"Tomorrow morning I get to learn the songs of the fishermen!"
"You're going to sea tomorrow?"
"Yeah ... in the wooden boats."
"You're going to vomit!"

Here I am in the Ee-Zee internet cafe in Nungua Township, Ghana, and these are the kinds of reassuring conversations I have. This one was with the cafe's manager, and as we talked he pretended to barf all over the student typing away in the next carrel.

Even now, before I experience the rolling ocean swell, my stomach is engaged in some sort of extreme aerobics, and I am sweating profusely. Part of it is because Ghana is as hot and humid as they said it would be. But another part is this: I am nervous. Tomorrow morning at 2 a.m. I begin what is in my heart the core of my Watson experience in Ghana. I will go to sea with a team of 18 Ga fishermen in a wooden dugout craft, pushed by a small outboard.

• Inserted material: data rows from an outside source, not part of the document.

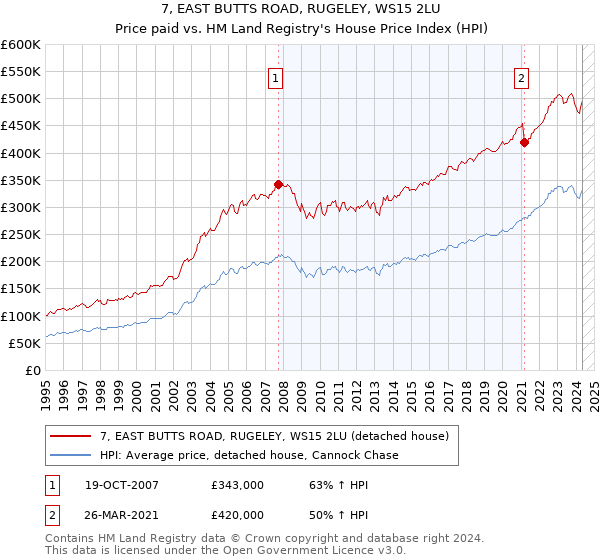 7, EAST BUTTS ROAD, RUGELEY, WS15 2LU: Price paid vs HM Land Registry's House Price Index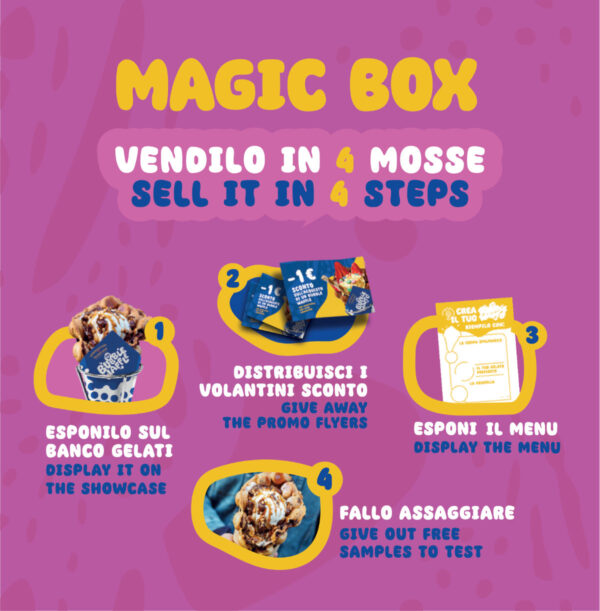 MAGIC BOX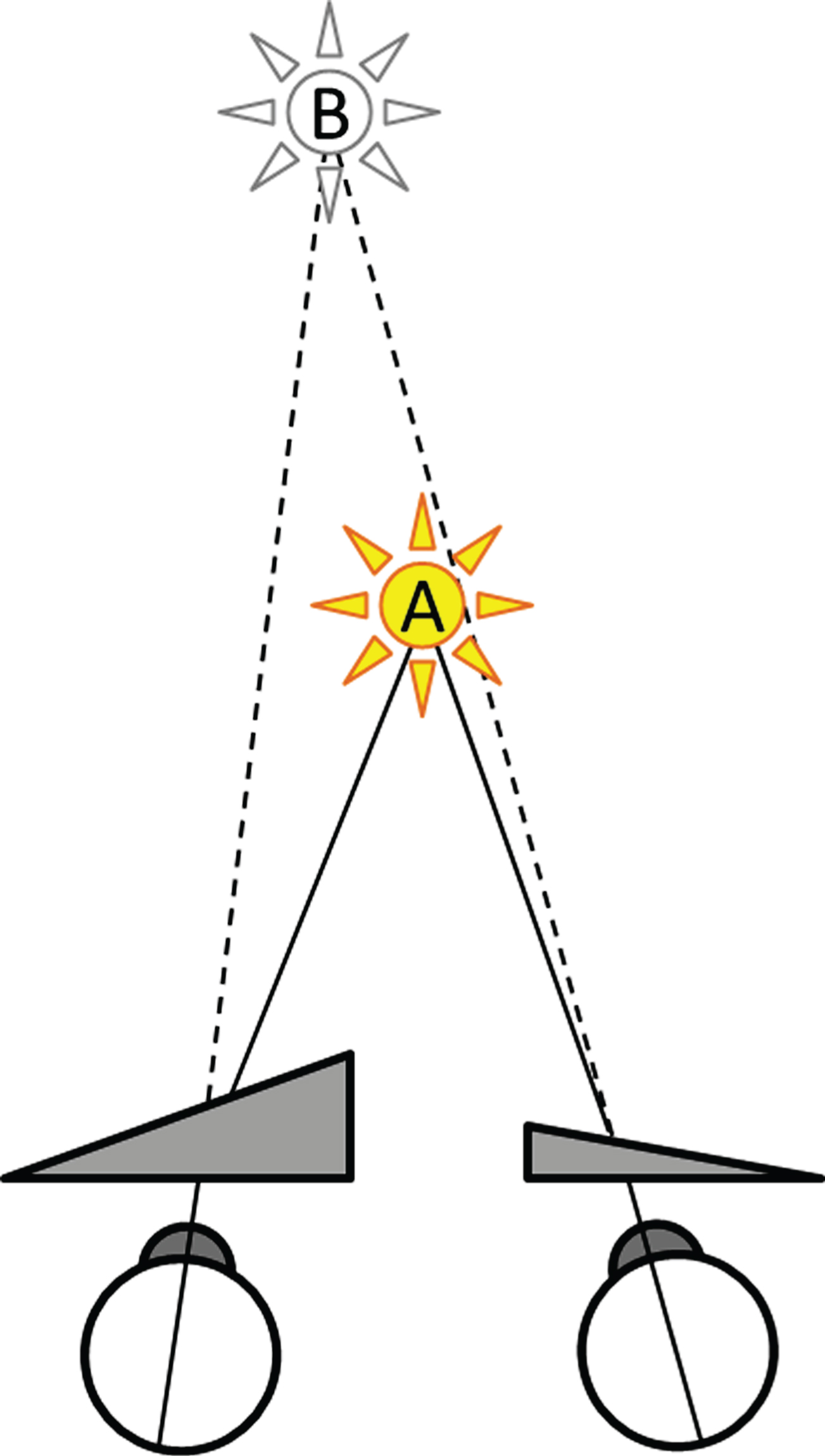 Optical effect of WABIPs. A real object at point A, located here on the visual straight-ahead, is project by WABIPs onto an imaginary point B, further away, and shifted laterally in the direction of the strongest prism.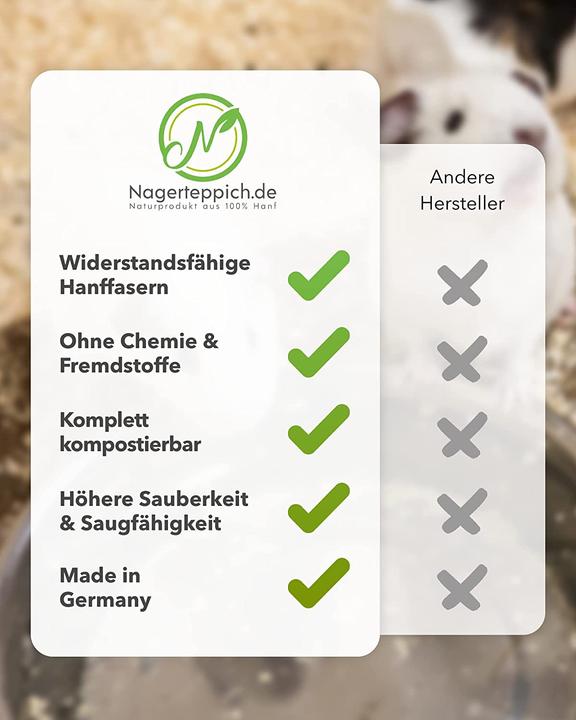 Image du produit Nagerteppich.de Tapis de chanvre pour rongeurs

Until now it has been two weeks of arranging and planning, meeting and bargaining. That was by design. I knew it would take about this long to set myself up with the right people in the right spot to ensure a good experience. I spent a week in the dusty, loud city of Accra meeting with professors and musicians and planning out my next two months. Then I spent this past week traveling in the region east of Lake Volta looking for a good farm on which to settle during the month of November.

Now I am back in this sprawling seaside township thinking about which food will feel better on the way back up. Grilled plantains or red beans and spicy rice? Luckily I have some experience in this area. Back when I was crew on the Schooner J&E Riggin, Captain John told me long a story whose moral was this: Never eat chicken pot pie with peas before an ocean passage. They get stuck in your nostrils.

So it looks like grilled plantains and an early bed for me, which is just fine. I might take the evening to reflect on the last three months, the first quarter of my Watson year. If you're hunting for broad themes the clearest is this: songs of the sea.

In Holland I got an in-depth look at how thousands of mild-mannered, middle-aged lowlanders are re-creating the songs and traditions of the sailors on the world's great tall ships. I wanted to see why sea-shanty choirs there have become successful. As a member of the Boekaniers I sang in a handful of weekend-long festivals devoted only to sea-shanties. I visited Sail Amsterdam, the world's largest manifestation of tall ships, to see how shanties are incorporated into that event (just barely). On a 40 meter flat-bottomed Scootje I sailed with Captain Boogie in a Force 7 gale, which blew so hard it snapped our foresail boom. Most members of the German shanty choir I was with huddled below and scurried up only to hork over the leeward rail.

And though I got to travel across northern Europe with this group, what I was most impressed with was not the places, though they were old and beautiful, but a picture of an innovative way of life.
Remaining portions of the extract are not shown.